- [THE PROBLEM]: From the material below, copy exactly the lines beginning with the one that contains "Chris de Burgh" and ending with the one that contains "Serveur portant un"; the pictures stay out.

- [DATA FOR THIS TASK]:
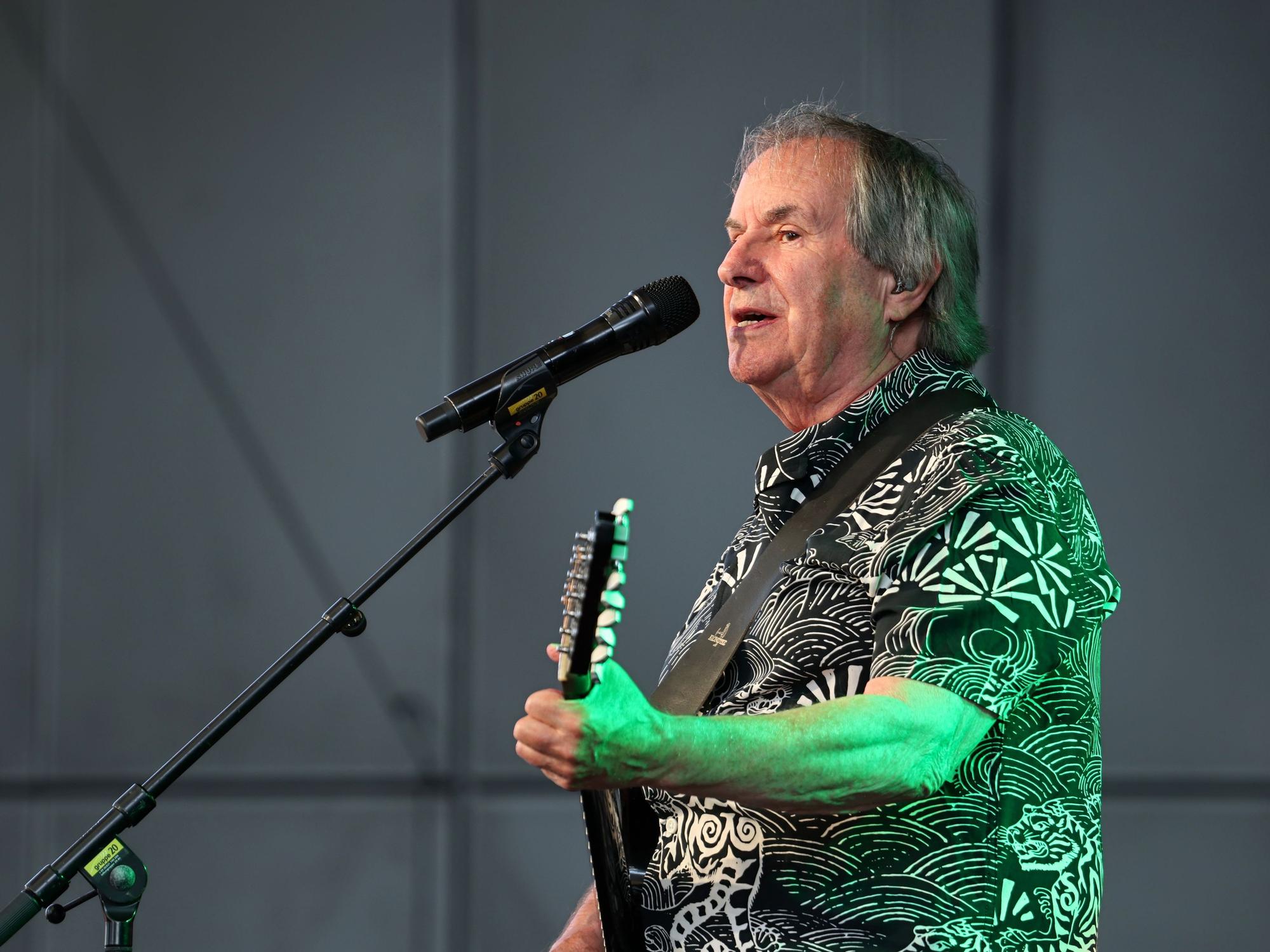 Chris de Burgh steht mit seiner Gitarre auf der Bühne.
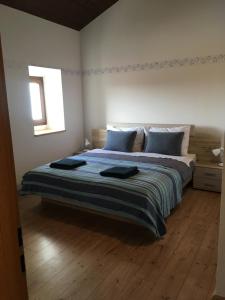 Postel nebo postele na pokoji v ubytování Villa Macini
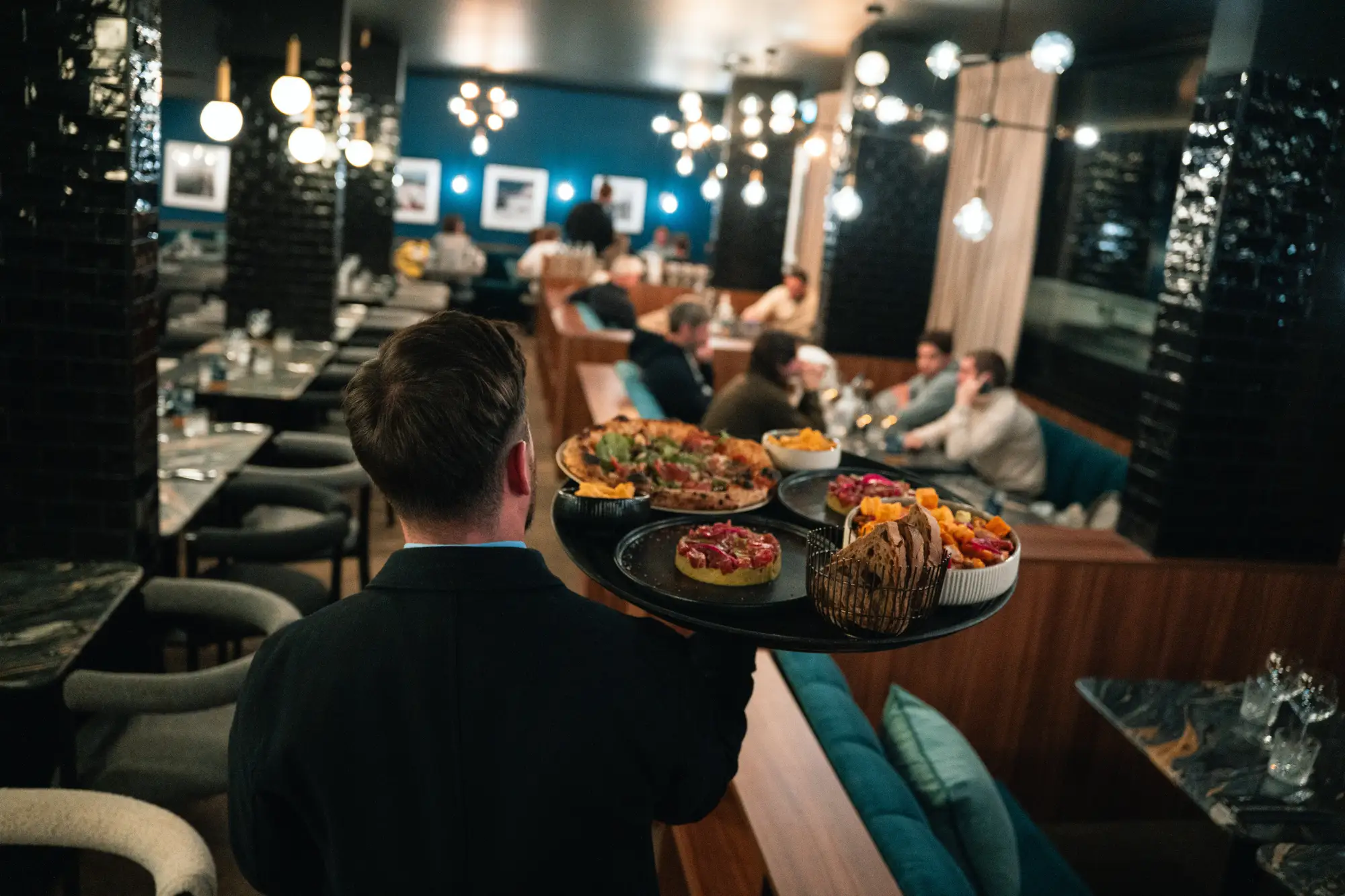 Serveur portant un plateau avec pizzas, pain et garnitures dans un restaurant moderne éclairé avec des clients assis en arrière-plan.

---

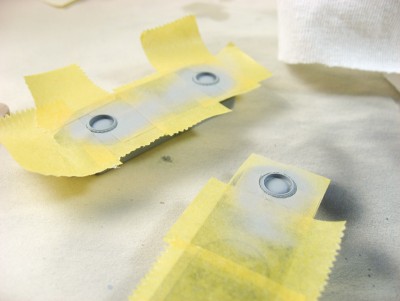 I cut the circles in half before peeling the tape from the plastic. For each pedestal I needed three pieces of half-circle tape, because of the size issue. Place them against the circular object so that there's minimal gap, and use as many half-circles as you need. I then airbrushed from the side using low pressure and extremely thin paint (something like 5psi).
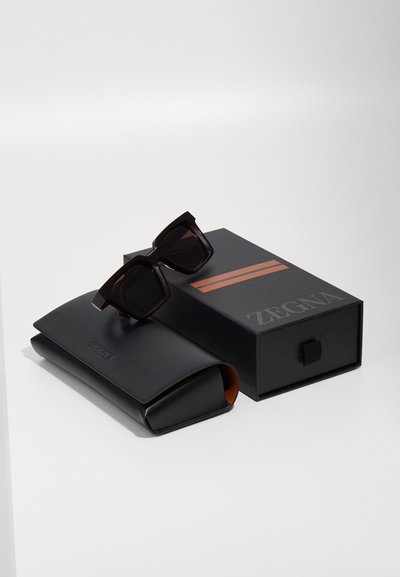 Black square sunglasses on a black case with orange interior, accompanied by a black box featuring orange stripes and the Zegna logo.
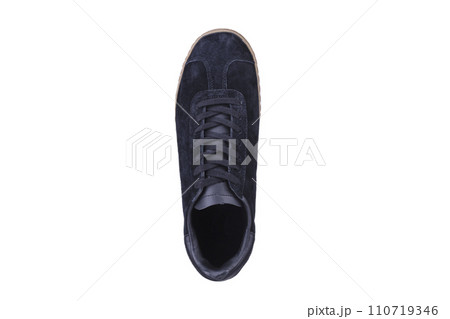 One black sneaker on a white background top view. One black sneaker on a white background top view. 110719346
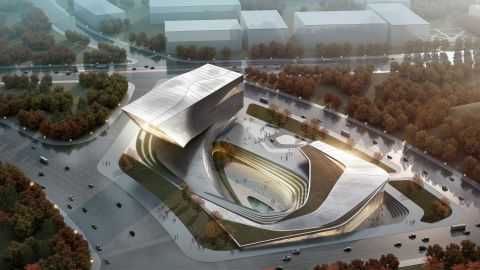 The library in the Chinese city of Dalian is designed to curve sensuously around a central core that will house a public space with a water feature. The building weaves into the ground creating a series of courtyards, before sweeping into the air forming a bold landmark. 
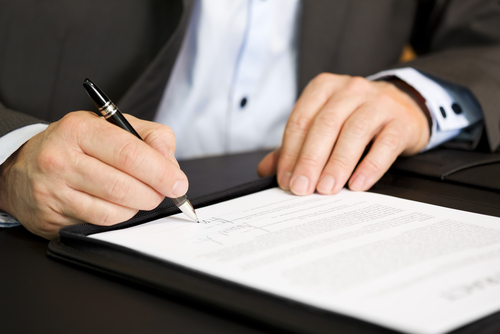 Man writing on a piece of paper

--

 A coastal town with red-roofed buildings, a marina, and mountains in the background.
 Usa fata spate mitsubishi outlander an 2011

- [COMPLETED TASK]:
 Chris de Burgh steht mit seiner Gitarre auf der Bühne.
 Postel nebo postele na pokoji v ubytování Villa Macini
 Serveur portant un plateau avec pizzas, pain et garnitures dans un restaurant moderne éclairé avec des clients assis en arrière-plan.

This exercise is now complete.